LIRE AUSSI: Egypte: trois ans de prison ferme pour les journalistes d'Al-Jazeera

"Le gouvernement du Canada continue de demander au gouvernement égyptien d'utiliser tous les moyens à sa disposition pour résoudre le cas de M. Fahmy et permettre son retour immédiat au Canada", a déclaré la secrétaire d'État aux Affaires étrangères, Lynne Yelich, déçue par la condamnation.

Outre le Canadien Mohamed Fahmy, deux autres journalistes --l'Australien Peter Greste et l'Égyptien Baher Mohamed-- ont été reconnus coupables samedi par un tribunal du Caire d'avoir "diffusé de fausses informations" et travaillé sans les autorisations nécessaires en 2013.

Mme Yelich a indiqué dans un communiqué que des membres du gouvernement canadien avaient abordé "cette affaire auprès de représentants égyptiens de haut niveau et ils continueront de le faire".

En janvier, le ministre des Affaires étrangères John Baird avait fait le déplacement en Égypte avec l'objectif de rapatrier Mohamed Fahmy.

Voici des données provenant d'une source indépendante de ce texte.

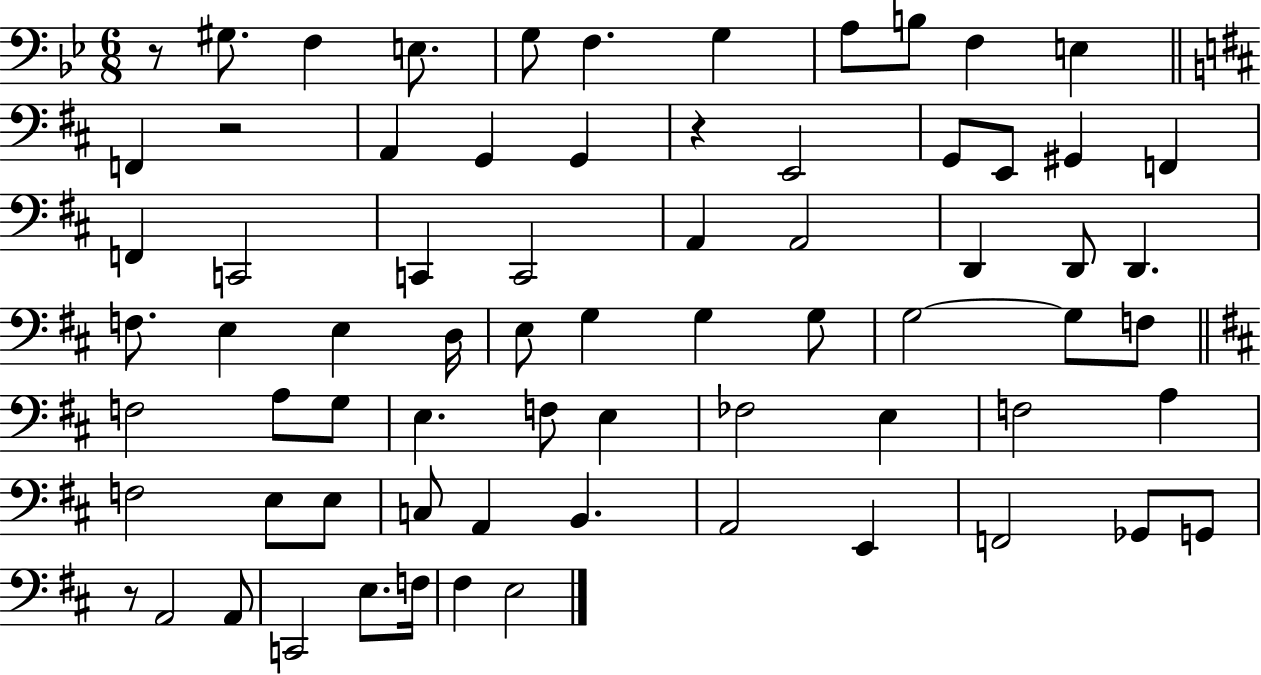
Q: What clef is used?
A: bass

M. Baird avait démissionné de ses fonctions quelques semaines plus tard.

Les services consulaires continuent de fournir l'assistance nécessaire à M. Fahmy tout en s'assurant qu'il soit traité "de la même manière que tout autre ressortissant étranger".

Selon le Committee to Protect Journalists (CPJ), au moins 18 journalistes, essentiellement accusés de faire partie des Frères musulmans, sont derrière les barreaux en Égypte.